Set of Binary Strings Corresponding To a Regular Expression

Question

$(1 + 01)^*(0 + 01)^*$

I'm thinking

{set of all binary strings} $-$ {set of binary strings that begin with 00 and contain 11}

Would this be correct?

Answer 1

$(1+01)^*$ generates all strings of zeroes and ones with the property that every $0$ is immediately followed by a $1$; these are the strings that do not contain $00$ and do not end in $0$. Similarly, $(0+01)^*$ generates all strings of zeroes and ones in which every $1$ is immediately preceded by a $0$; these are the strings that do not contain $11$ and do not begin with $1$.

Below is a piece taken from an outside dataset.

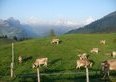 Il 1° agosto in fattoria: quasi 40 aziende agricole ticinesi aprono le porte per il brunch della Festa nazionale (e quanto costa davvero)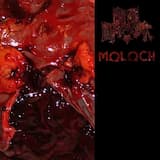 Spleen Splitting Pavement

$(1+01)^*(0+01)^*$ generates (among others) all strings that do not contain $00$: if such a string ends in $1$, it’s matched by $(1+01)^*$, and if it ends in $0$, it’s matched by $(1+01)^*0$. Similarly, it generates all strings that do not contain $11$: these strings match either $(0+01)^*$ or $1(0+01)^*$.

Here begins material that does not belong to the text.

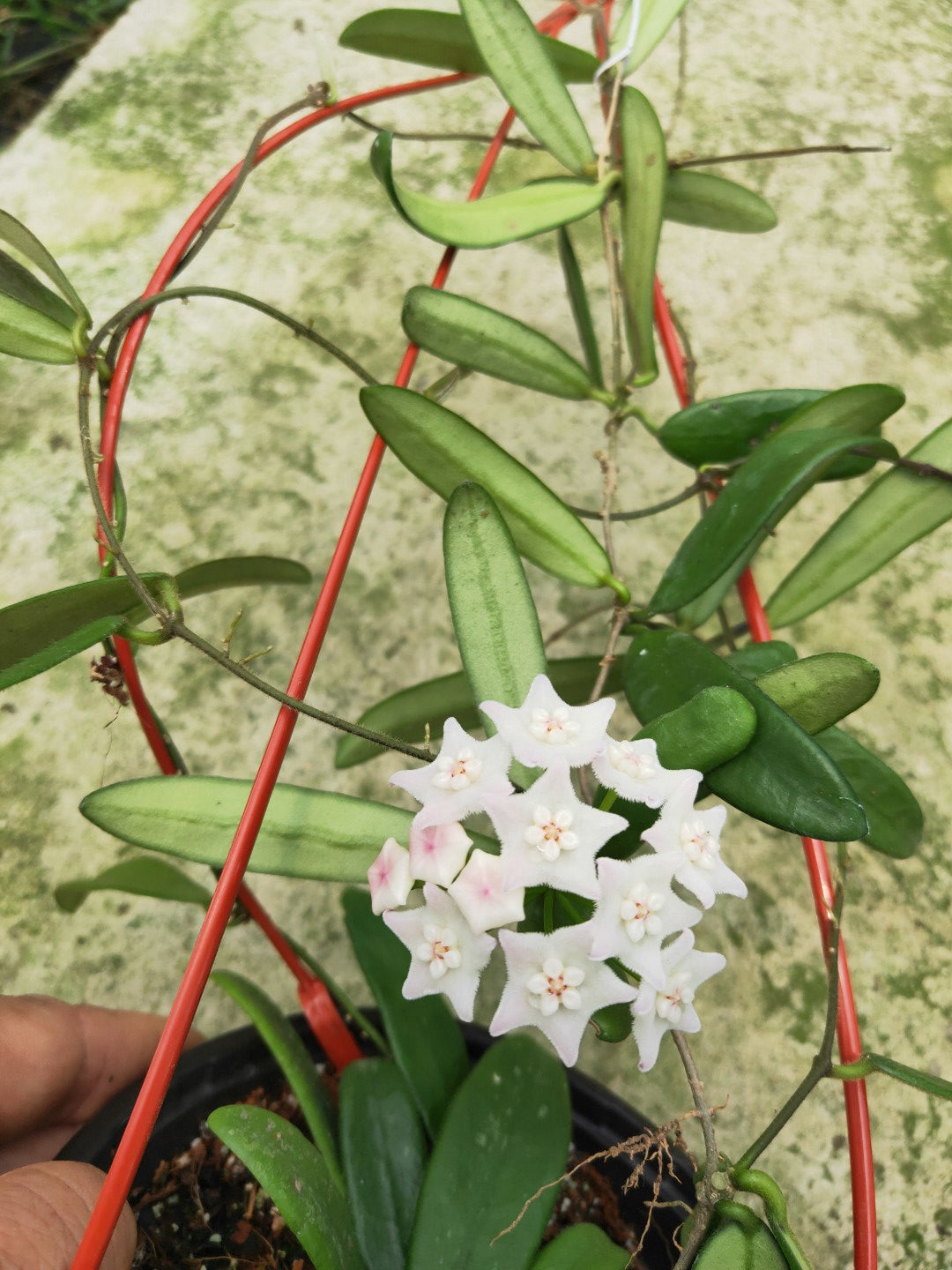 Sea Green Hoya Flower seeds for Planting Compact Growth Heirloom & GMO Free Seeds for Home Garden 
 
 Sale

Suppose that a word $w$ contains both $00$ and $11$ and matches $(1+01)^*(0+01)^*$; clearly every instance of $00$ in $w$ must follow every instance of $11$. Conversely, suppose that $w$ contains both $00$ and $11$ as substrings but has all instance of $11$ before any instance of $00$. Thus, we can decompose $w$ as $w=x100y$ in such a way that $x1$ is generated by $(1+01)^*$ and $00y$ by $(0+01)^*$. Clearly all instance of $11$ are in the substring $x1$, and all instance of $00$ are in the substring $00y$. Thus, the words containing both $00$ and $11$ that match $(1+01)^*(0+01)^*$ are precisely those in which all instances of $11$ precede all instance of $00$.

Putting the pieces together, we see that $(1+01)^*(0+01)^*$ generates all bit strings that do not contain a substring $00$ to the left of a substring $11$.